» PROBLEM DETAILS
Everything in the listing below from the line containing "NPM SimpleHTTPServer screenshot" through the line containing "EPOS ADAPT 135T" must be repeated exactly; the remaining lines are not wanted.

==== RECORDS SUPPLIED

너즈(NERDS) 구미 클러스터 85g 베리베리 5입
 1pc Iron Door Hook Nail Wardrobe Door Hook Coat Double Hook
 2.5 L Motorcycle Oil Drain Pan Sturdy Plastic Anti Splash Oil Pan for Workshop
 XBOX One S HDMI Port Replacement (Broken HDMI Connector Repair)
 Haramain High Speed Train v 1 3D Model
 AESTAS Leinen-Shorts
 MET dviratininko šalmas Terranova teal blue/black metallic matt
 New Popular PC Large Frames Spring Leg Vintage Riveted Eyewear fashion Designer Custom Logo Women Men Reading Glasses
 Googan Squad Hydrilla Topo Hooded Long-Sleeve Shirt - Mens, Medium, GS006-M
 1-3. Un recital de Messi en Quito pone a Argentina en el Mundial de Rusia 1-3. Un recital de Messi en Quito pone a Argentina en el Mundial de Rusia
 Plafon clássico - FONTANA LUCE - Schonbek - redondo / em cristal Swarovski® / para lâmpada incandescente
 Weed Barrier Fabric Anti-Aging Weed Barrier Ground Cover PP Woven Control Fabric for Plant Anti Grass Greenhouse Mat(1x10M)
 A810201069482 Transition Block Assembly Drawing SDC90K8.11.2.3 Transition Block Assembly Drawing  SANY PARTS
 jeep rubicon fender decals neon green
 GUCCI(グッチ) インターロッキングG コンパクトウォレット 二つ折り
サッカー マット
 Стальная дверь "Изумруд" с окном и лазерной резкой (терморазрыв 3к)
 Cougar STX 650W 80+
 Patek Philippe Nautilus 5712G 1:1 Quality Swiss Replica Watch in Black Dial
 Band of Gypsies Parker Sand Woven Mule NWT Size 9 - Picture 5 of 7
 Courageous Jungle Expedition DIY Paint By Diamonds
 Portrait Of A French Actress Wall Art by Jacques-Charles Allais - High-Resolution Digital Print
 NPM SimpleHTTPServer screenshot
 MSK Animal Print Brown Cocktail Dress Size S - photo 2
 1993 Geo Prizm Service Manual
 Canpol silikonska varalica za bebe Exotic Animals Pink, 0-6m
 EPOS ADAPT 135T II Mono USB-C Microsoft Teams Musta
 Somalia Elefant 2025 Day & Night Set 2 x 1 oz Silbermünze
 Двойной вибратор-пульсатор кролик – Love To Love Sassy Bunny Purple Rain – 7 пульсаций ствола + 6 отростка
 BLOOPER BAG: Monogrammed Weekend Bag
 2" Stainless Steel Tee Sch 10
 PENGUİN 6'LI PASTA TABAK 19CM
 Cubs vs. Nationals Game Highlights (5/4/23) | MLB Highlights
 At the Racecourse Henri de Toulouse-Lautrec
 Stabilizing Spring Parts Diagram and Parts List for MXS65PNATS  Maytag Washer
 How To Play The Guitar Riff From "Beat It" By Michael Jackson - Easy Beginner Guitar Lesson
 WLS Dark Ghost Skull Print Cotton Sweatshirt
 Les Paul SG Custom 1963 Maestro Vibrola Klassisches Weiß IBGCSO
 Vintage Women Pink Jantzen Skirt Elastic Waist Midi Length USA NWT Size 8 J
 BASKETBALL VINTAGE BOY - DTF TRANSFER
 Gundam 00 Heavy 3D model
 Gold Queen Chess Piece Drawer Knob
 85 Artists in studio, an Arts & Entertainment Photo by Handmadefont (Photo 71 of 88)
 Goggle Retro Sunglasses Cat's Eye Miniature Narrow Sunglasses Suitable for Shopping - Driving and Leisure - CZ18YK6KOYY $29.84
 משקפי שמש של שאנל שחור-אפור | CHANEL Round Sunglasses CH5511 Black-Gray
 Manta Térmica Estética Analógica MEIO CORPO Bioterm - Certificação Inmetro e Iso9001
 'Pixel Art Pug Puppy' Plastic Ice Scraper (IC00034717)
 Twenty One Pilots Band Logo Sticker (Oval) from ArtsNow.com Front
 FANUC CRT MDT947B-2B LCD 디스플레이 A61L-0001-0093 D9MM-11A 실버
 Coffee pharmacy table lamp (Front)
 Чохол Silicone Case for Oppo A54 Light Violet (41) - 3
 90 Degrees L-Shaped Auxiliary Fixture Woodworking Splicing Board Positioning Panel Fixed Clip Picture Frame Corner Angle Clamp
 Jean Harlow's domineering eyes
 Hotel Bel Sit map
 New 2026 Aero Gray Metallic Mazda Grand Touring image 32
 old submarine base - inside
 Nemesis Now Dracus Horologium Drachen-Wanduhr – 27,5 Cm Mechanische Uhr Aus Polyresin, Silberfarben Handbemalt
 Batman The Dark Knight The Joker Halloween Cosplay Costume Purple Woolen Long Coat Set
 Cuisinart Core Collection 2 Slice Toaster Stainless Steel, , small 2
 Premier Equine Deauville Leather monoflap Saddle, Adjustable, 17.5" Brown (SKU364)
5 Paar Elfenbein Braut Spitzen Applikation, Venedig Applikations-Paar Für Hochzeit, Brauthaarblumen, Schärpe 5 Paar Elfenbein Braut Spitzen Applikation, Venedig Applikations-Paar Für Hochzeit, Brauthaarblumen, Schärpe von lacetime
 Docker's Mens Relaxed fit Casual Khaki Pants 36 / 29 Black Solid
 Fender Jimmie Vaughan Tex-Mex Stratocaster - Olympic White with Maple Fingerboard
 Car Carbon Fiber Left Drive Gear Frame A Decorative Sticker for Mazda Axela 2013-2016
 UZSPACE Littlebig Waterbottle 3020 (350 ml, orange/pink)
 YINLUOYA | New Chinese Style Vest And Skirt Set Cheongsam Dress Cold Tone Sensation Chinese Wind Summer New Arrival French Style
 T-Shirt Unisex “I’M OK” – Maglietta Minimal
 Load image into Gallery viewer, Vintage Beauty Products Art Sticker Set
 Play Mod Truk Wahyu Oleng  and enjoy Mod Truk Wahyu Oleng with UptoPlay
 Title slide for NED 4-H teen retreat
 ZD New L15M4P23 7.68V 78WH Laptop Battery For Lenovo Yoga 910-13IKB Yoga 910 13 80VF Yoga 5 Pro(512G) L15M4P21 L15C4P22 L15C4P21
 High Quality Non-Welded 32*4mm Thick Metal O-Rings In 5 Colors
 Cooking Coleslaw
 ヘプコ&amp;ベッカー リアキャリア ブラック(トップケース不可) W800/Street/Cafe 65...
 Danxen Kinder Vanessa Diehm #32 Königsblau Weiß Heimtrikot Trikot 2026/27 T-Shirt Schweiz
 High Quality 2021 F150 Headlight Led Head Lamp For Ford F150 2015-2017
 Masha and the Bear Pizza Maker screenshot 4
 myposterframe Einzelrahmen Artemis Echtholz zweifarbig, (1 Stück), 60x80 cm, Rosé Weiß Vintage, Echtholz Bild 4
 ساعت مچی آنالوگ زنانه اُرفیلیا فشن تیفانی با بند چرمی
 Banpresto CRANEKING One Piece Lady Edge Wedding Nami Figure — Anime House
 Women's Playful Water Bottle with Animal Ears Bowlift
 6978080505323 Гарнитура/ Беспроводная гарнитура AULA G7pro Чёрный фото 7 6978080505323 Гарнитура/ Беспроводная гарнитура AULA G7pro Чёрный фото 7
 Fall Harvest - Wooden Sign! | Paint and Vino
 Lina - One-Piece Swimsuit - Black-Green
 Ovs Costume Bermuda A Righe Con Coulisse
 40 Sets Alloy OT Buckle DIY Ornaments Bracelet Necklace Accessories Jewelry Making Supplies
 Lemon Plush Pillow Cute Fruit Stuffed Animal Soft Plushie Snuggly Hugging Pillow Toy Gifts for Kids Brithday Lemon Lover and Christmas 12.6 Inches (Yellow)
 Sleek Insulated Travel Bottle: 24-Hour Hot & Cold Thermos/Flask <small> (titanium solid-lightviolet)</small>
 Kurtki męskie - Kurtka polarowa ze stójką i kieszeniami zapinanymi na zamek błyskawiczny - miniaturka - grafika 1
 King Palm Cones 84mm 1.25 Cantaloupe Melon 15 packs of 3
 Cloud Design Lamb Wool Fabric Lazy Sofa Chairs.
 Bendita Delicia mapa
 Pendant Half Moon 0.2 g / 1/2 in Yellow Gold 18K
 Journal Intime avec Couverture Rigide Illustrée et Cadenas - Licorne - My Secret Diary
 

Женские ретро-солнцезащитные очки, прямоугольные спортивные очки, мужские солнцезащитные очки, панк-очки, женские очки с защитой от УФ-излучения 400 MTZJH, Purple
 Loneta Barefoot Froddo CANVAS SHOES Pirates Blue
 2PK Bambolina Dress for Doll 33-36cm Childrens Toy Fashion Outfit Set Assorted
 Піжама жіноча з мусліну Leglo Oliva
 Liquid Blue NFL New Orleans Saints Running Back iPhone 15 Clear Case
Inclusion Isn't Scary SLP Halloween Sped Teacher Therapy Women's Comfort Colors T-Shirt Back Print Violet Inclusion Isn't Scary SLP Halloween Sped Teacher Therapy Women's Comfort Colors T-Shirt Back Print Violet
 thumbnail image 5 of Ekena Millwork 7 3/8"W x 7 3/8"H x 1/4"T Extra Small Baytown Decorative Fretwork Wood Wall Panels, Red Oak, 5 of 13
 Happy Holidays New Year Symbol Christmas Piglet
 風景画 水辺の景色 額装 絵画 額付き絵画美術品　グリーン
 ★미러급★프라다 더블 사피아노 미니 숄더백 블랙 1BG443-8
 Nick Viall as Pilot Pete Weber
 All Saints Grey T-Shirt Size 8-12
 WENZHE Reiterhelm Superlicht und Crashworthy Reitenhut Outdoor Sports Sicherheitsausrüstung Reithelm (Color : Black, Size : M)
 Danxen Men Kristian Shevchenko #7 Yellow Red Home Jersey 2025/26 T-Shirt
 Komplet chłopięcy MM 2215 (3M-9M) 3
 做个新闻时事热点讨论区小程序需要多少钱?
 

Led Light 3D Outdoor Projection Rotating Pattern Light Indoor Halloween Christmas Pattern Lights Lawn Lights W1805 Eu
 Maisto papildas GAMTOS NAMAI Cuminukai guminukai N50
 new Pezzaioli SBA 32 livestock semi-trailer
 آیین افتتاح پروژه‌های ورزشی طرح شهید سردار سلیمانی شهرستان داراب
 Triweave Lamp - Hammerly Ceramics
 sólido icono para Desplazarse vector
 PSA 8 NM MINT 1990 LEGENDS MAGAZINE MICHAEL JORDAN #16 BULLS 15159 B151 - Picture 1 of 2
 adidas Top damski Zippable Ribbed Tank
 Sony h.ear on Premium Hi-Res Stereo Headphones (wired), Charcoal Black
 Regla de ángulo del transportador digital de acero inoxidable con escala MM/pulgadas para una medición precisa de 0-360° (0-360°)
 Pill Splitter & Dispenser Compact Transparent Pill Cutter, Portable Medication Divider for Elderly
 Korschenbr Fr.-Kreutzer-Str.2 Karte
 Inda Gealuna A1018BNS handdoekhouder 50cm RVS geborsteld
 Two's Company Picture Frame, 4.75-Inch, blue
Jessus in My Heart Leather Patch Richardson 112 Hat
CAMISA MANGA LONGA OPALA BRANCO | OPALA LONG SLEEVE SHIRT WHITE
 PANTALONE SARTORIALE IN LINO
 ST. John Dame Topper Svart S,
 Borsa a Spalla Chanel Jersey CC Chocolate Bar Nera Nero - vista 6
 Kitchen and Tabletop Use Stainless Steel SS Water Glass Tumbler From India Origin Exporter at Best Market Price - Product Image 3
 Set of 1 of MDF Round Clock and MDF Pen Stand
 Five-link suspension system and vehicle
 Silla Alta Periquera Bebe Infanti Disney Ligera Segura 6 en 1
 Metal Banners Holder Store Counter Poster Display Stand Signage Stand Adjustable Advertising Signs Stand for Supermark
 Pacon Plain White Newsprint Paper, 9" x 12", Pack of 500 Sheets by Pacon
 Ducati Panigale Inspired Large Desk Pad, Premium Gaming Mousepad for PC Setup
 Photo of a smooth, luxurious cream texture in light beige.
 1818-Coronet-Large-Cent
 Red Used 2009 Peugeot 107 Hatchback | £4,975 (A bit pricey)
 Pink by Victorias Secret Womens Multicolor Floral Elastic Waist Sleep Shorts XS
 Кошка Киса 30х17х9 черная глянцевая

========

» TASK RESPONSE
 NPM SimpleHTTPServer screenshot
 MSK Animal Print Brown Cocktail Dress Size S - photo 2
 1993 Geo Prizm Service Manual
 Canpol silikonska varalica za bebe Exotic Animals Pink, 0-6m
 EPOS ADAPT 135T II Mono USB-C Microsoft Teams Musta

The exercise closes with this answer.